Marc Berrebi termine son intervention en ces termes:
«Je ne suis pas une victime. Je ne fais pas un post pour me plaindre de l’antisémitisme. Je fais un post pour que ceux qui le cautionnent sachent qu’on les voit. Je fais un post, car je me bats contre le racisme, le sexisme et l’homophobie et que, selon le proverbe yiddish, je ne dis pas qu’il pleut quand on me crache dessus. Je fais un post, car je n’ai pas peur.»
Marc Berrebi
watson a demandé au Carougeois Nicolas Walder son avis sur les raisons données, en l’état, par le directeur du cinéma Bio pour ne pas s’associer à la prochaine édition du GIJFF. L’actuel conseiller national écologiste est le candidat unique des Verts et du Parti socialiste à l’élection complémentaire du 28 septembre au Conseil d’Etat genevois suite à la démission d’Antonio Hodgers. Connu pour ses positions propalestiniennes, il a été par le passé membre du conseil d’administration du cinéma Bio.

Nicolas Walder.image: Keystone
«Je le dis d’emblée, je combats la censure et l’autocensure. Il importe de lutter contre toute forme d’antisémitisme. Les cultures juives doivent pouvoir s’exprimer»
Nicolas Walder
Nicolas Walder nuance: «D’un autre côté, il faut prendre en compte la sensibilité des Carougeois, qui sont horrifiés par les actes de nature potentiellement génocidaire, selon la justice internationale, de l’armée israélienne à Gaza.»
«Dans cette période, ils ne comprendraient peut-être pas qu’on présente positivement la culture juive, malheureusement assimilée par beaucoup aujourd’hui à la politique de Netanyahou»
Nicolas Walder
Nicolas Walder reprend:
«Je peux donc aussi comprendre les craintes du directeur du cinéma Bio, qui a une entreprise à faire marcher.
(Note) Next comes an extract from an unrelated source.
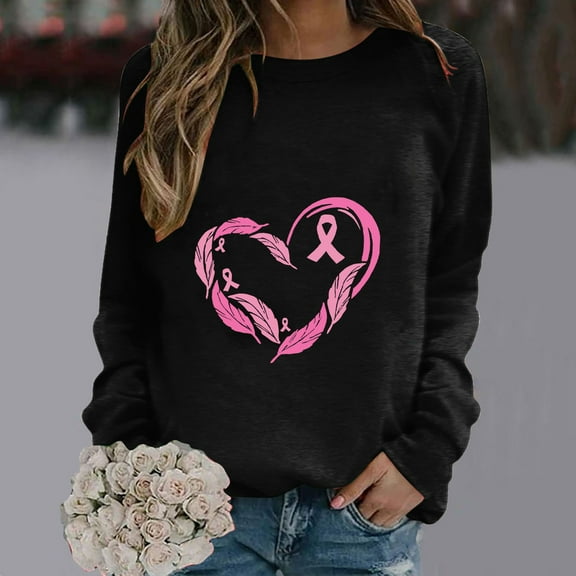 Breast Cancer Shirts Long Sleeve Pink Ribbon Butterfly Print T-Shirt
Rappelons-nous que la RTS avait suspendu la diffusion des films avec Gérard Depardieu durant les dernières fêtes de fin d’année pour ne pas heurter les téléspectateurs suite à des révélations décrivant l’acteur en prédateur sexuel.»
Nicolas Walder
Le candidat à l'élection complémentaire au Conseil d'Etat entrevoit un compromis possible:
«Pour autant, je plaide pour une solution qui permette de réunir les parties. A cette fin, il me semble qu’un débat posant la problématique israélo-palestinienne à l’occasion de ce festival serait plus que le bienvenu»
Nicolas Walder
La 15ᵉ édition du Festival international du film des cultures juives de Genève devrait se tenir en mars prochain. Quatre cinémas genevois ont accueilli l'édition 2024.